Pornhub announced last week that it would be limiting uploads to only verified users. Now, as noted by Motherboard, the service has suspended all videos for the site not uploaded by existing partners or members of its Model program. Suspended content will be subject to review by Pornhub early next year.

The service noted in a statement that the new model is arguably the strictest instituted by a content platform. “This means every piece of Pornhub content is from verified uploaders,” it writes, “a requirement that platforms like Facebook, Instagram, TikTok, YouTube, Snapchat and Twitter have yet to institute.”

The Times offered reports — some first-hand — of graphic exploitation. “I don’t see why search engines, banks or credit card companies should bolster a company that monetizes sexual assaults on children or unconscious women,” Nicholas Kristof wrote. “If PayPal can suspend cooperation with Pornhub, so can American Express, Mastercard and Visa.”

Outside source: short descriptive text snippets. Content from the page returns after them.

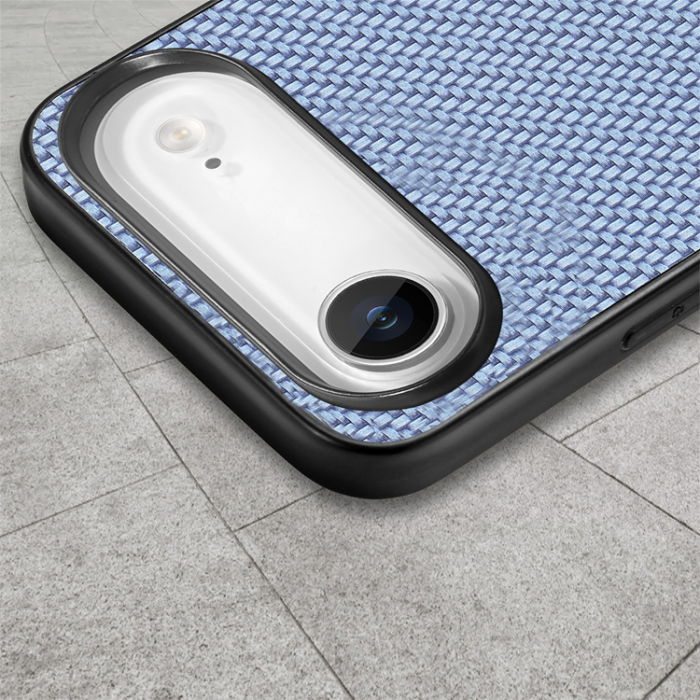 A-One Brand - iPhone Air Mobilskal Carbon Fiber PU Läder - Blå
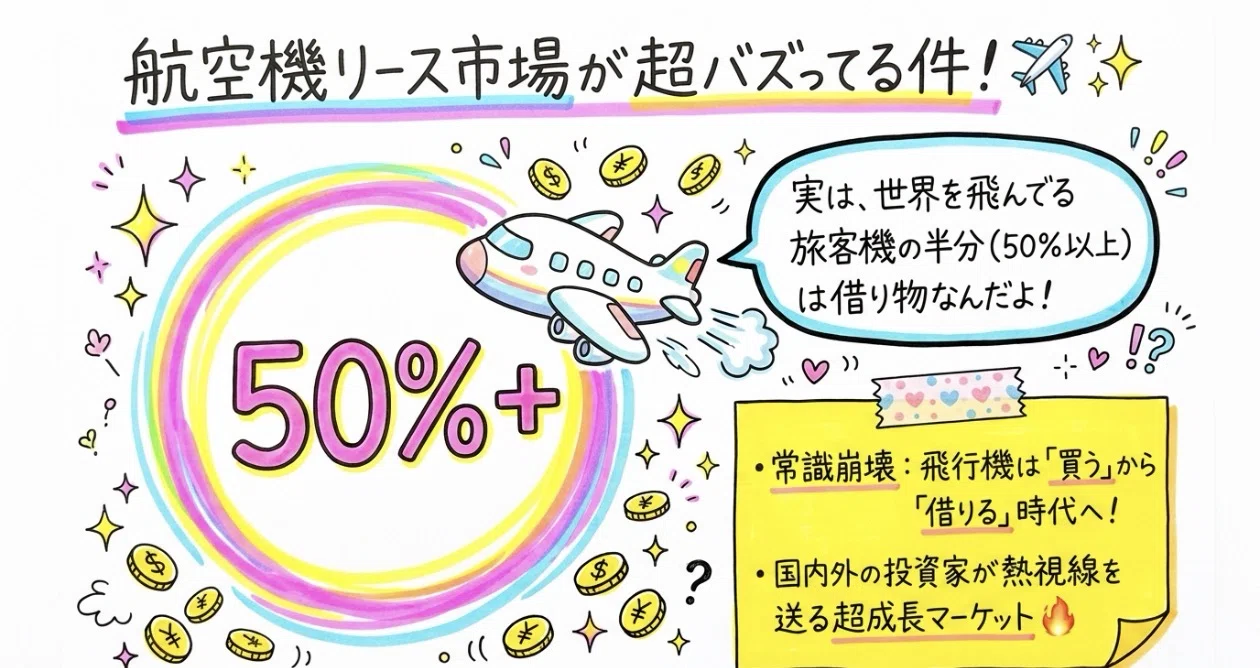 市場解説】世界中で飛行機が足りない！！航空機リース市場にいま「熱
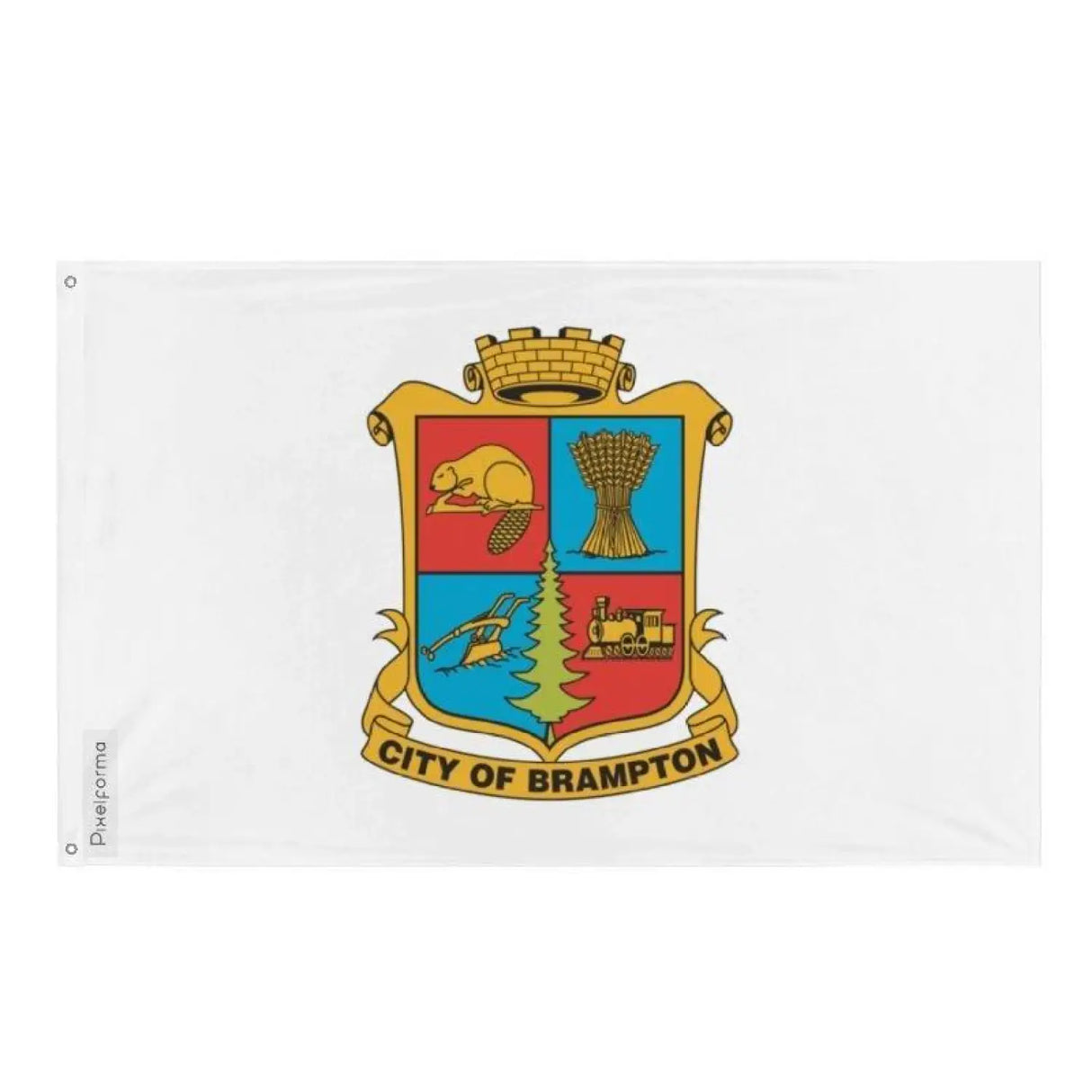 Drapeau brampton plusieurs tailles en polyester - pixelforma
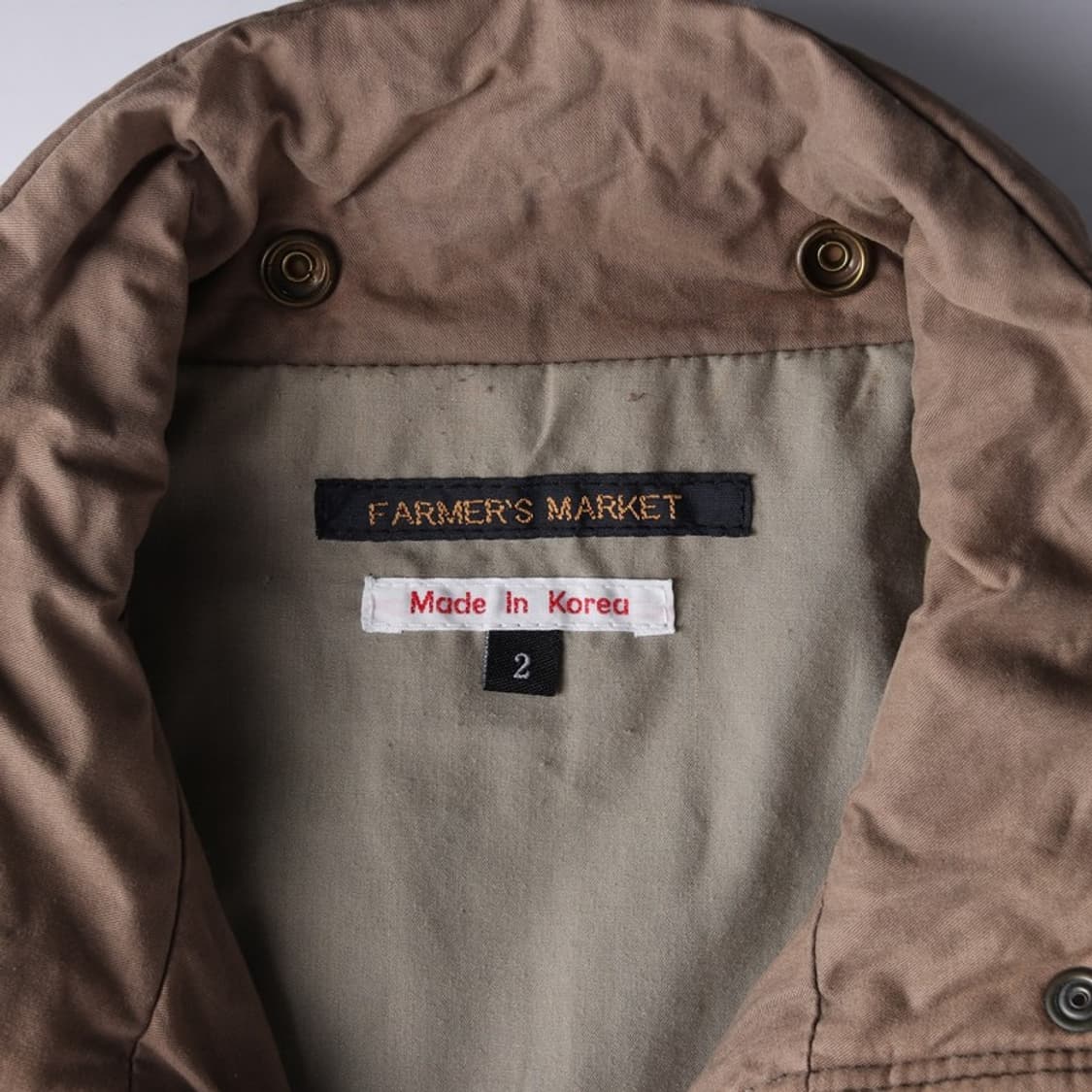 파머스마켓 빈티지 브라운 필드자켓 야상 2 상품이미지6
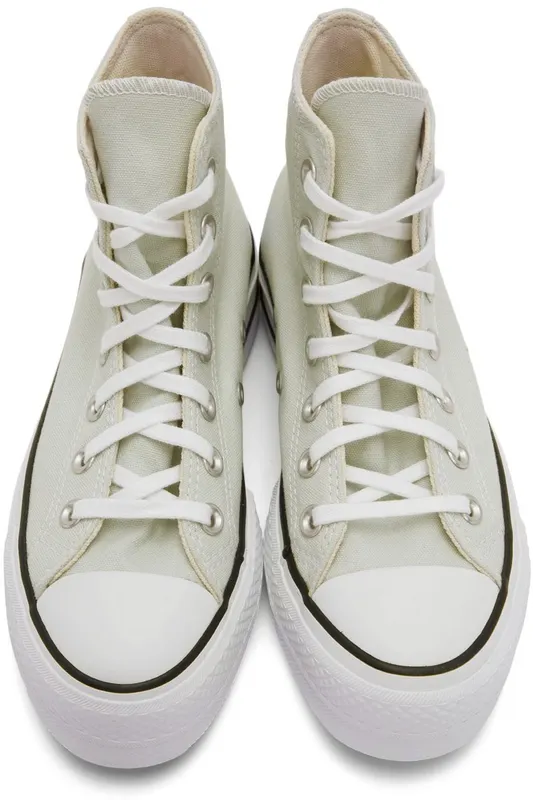 Converse Green Chuck Taylor All Star Platform Hi Light Silver/Black/W (572720C)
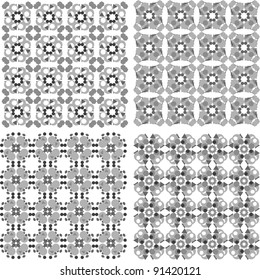 Decorative design elements. Patterns set. abstract vector art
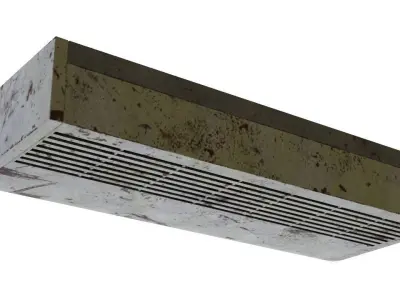 Air Conditioner 2  Low-poly 3D model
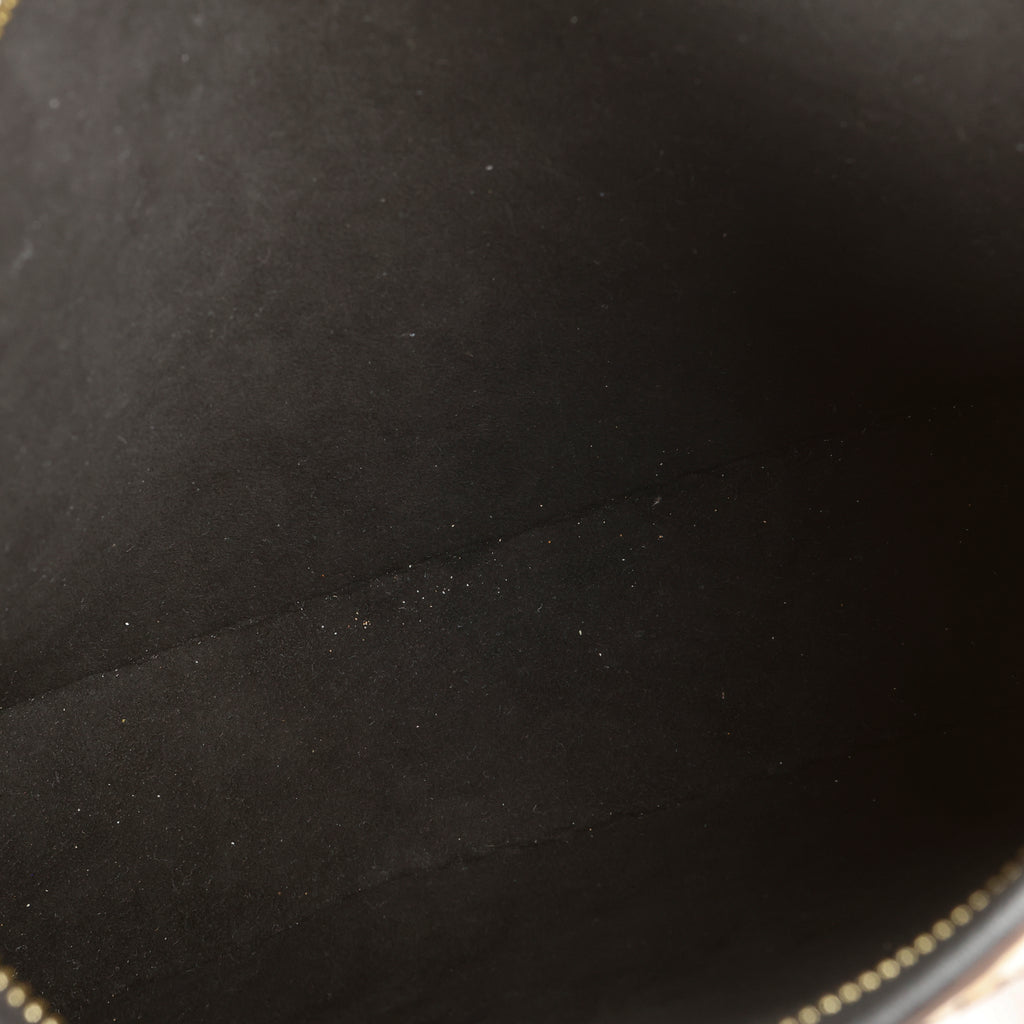 Toiletry On Chain 26, Black Raffia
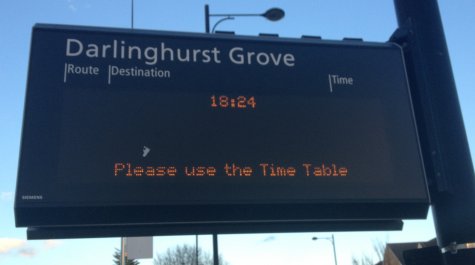 Southend-on-Sea Electronic Bus Sign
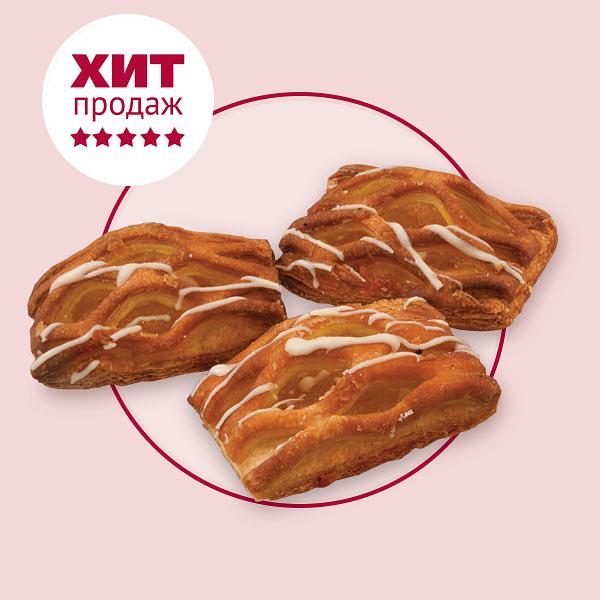 Пирожное аппетитное Медовое из слоеного теста, 2 кг, опт фото 1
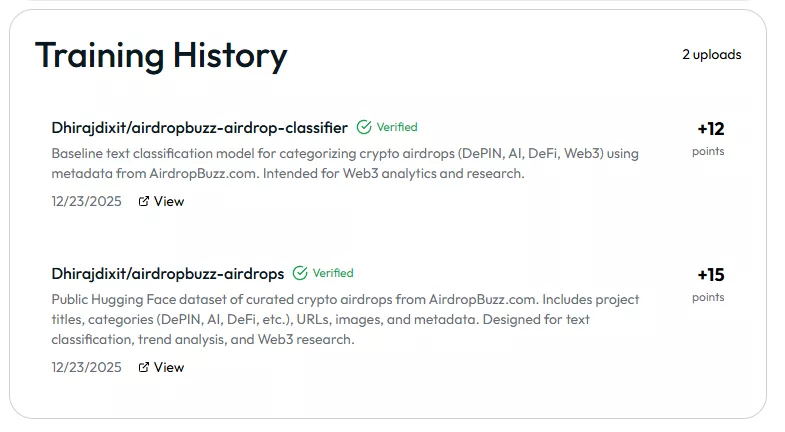 Training Data HuggingFace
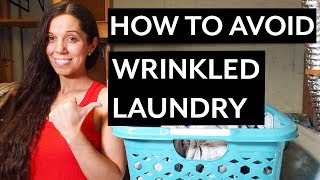 How to Keep Laundry From Getting Wrinkled
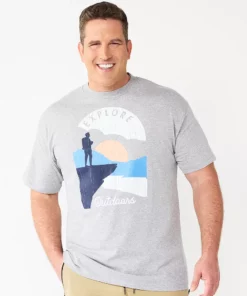 Men's Big & Tall Sonoma Goods For Life® Graphic Tee -Casual Outfits For Men Elegant store 6196613 Good Times
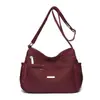 Bolso de Hombro Grande, Sencillo y de Gama Alta, Ligero, Informal y Moderno, Bolso Cruzado de Tela Oxford, Nuevo Modelo 2025 para Mamá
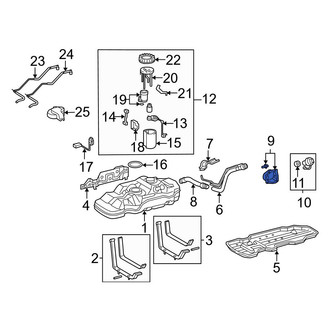 Toyota OE - Fuel Filler Housing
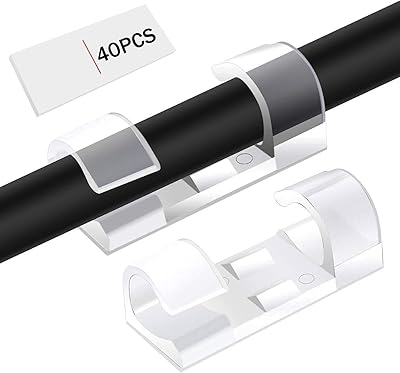 40 Pcs Self Adhesive Cable Management Clips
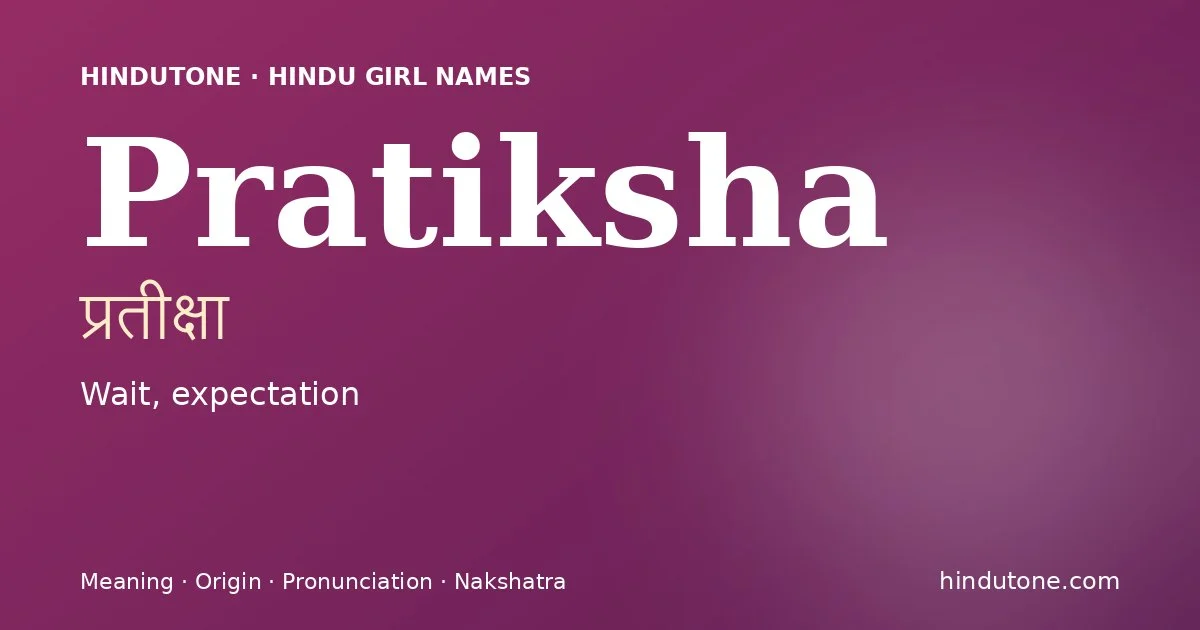 Pratiksha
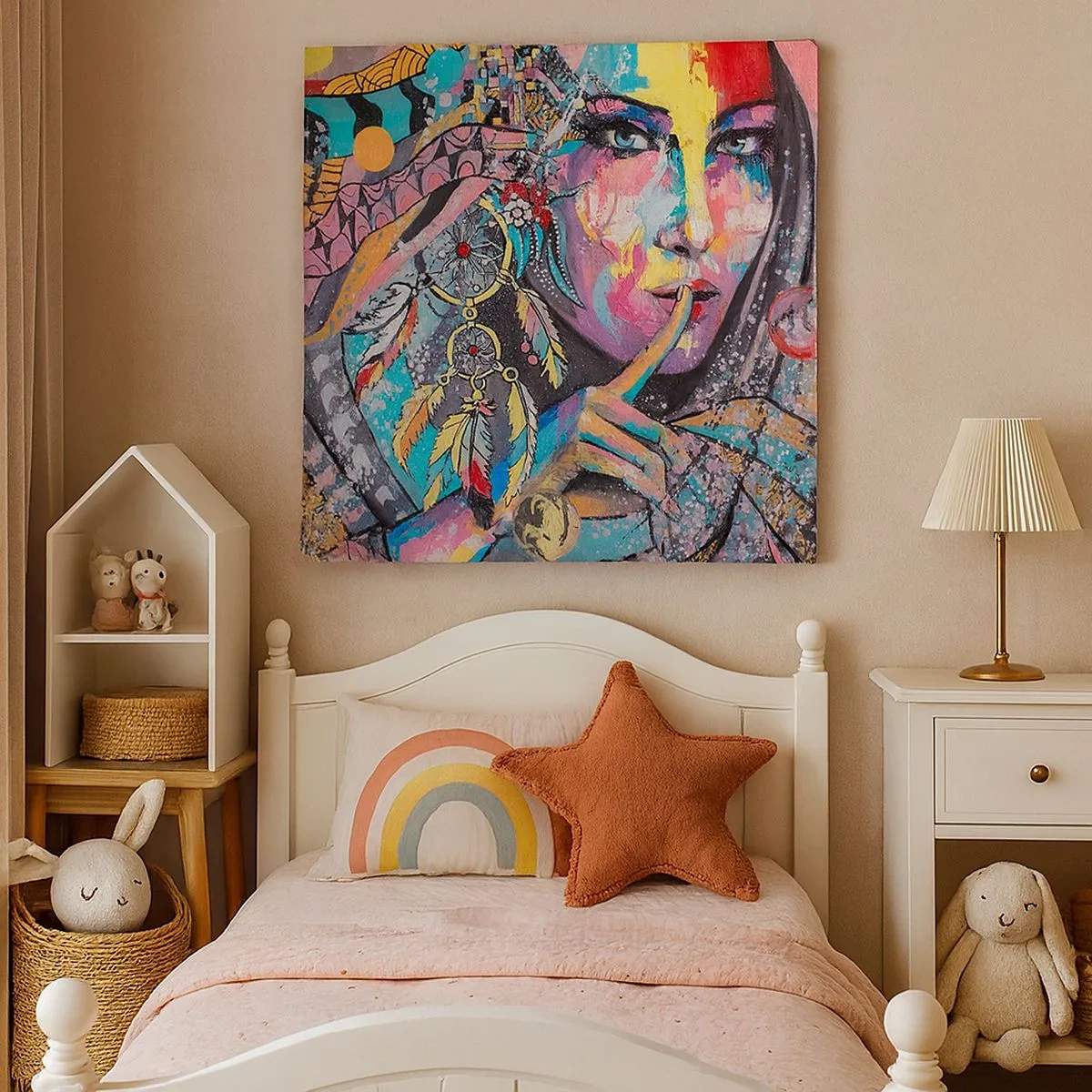 Lærredstryk - Billede på lærred - Vær tavs, indtil du forstår - 30x30 cm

Major credit card companies ultimately followed suit. Last week Discover announced that it would cut ties with the service, following similar moves by Mastercard and Visa. That added incentive no doubt further pressured Pornhub to take even more aggressive action than already announced.

In a statement, the site noted that watchdog group Internet Watch Foundation discovered 118 instances of child sexual abuse on the platform. The service calls the number “118 too many.” The service was defensive in its report, believing it has been singled out due to its focus on adult content.

“It is clear that Pornhub is being targeted not because of our policies and how we compare to our peers, but because we are an adult content platform,” the service writes. “These are the same forces that have spent 50 years demonizing Playboy, the National Endowment for the Arts, sex education, LGBTQ rights, women’s rights, and even the American Library Association. Today, it happens to be Pornhub.”